= Recorded data =
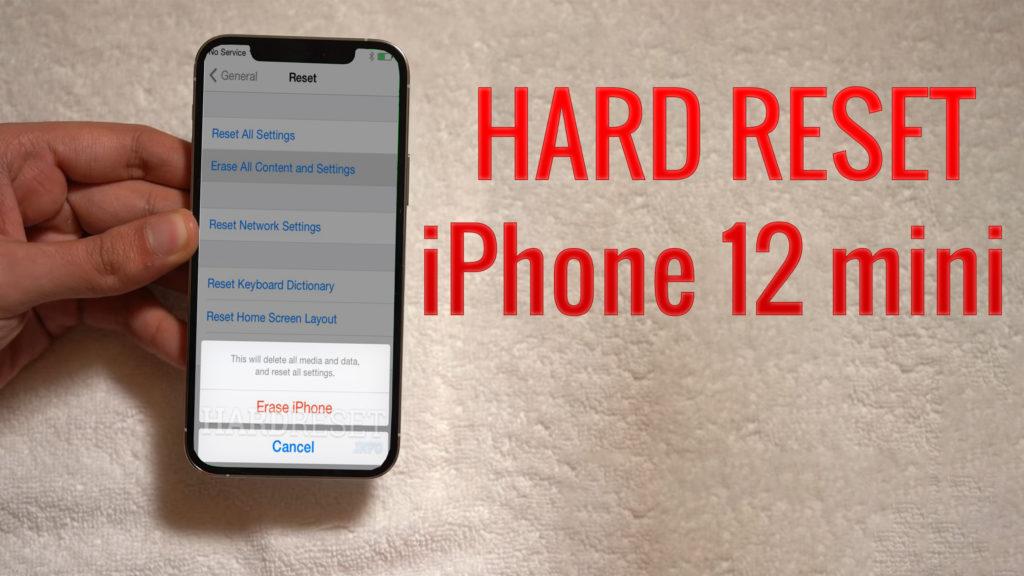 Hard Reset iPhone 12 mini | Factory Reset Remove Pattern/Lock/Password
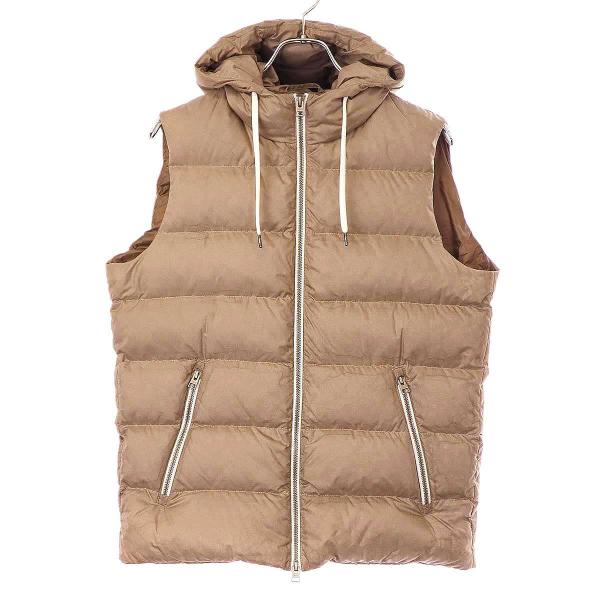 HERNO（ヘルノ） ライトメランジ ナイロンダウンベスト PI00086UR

* * *

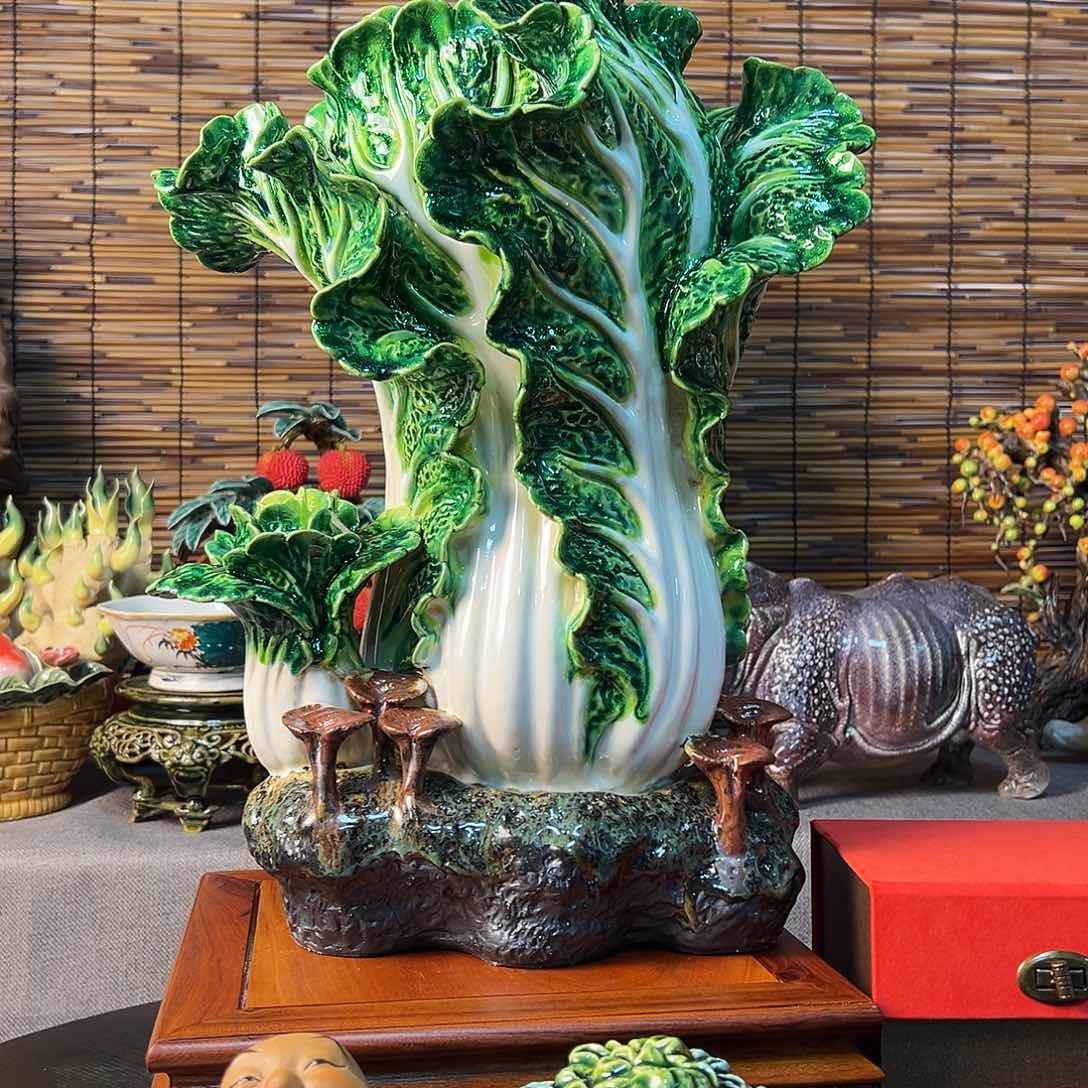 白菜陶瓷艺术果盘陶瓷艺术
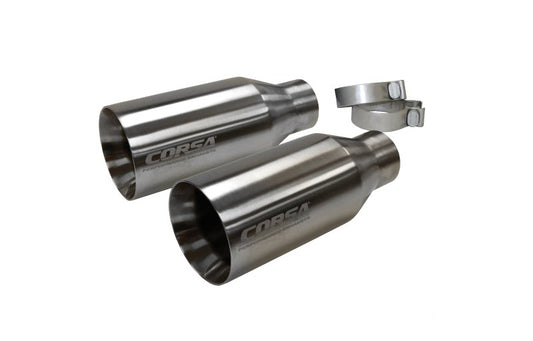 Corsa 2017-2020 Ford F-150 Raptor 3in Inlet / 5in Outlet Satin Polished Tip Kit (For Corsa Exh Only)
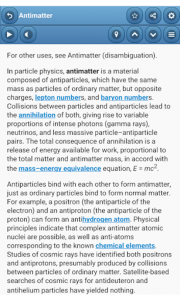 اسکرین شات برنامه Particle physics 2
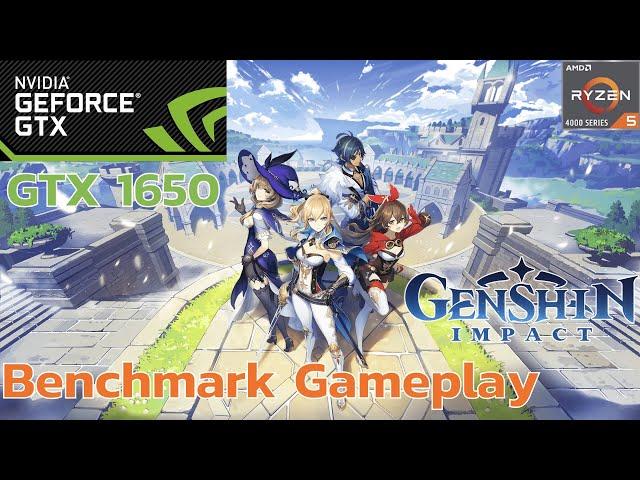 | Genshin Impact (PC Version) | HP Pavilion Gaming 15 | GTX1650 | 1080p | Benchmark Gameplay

---

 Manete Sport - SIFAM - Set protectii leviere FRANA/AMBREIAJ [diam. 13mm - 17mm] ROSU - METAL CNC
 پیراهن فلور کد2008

= Exercise objective =
Work from the entries above. Set down exactly and only the lines from the line with "Hard Reset iPhone" to the line with "HERNO（ヘルノ） ライトメランジ ナイロンダウンベスト PI00086UR", both included, and leave the pictures out.

= Written answer =
 Hard Reset iPhone 12 mini | Factory Reset Remove Pattern/Lock/Password
 HERNO（ヘルノ） ライトメランジ ナイロンダウンベスト PI00086UR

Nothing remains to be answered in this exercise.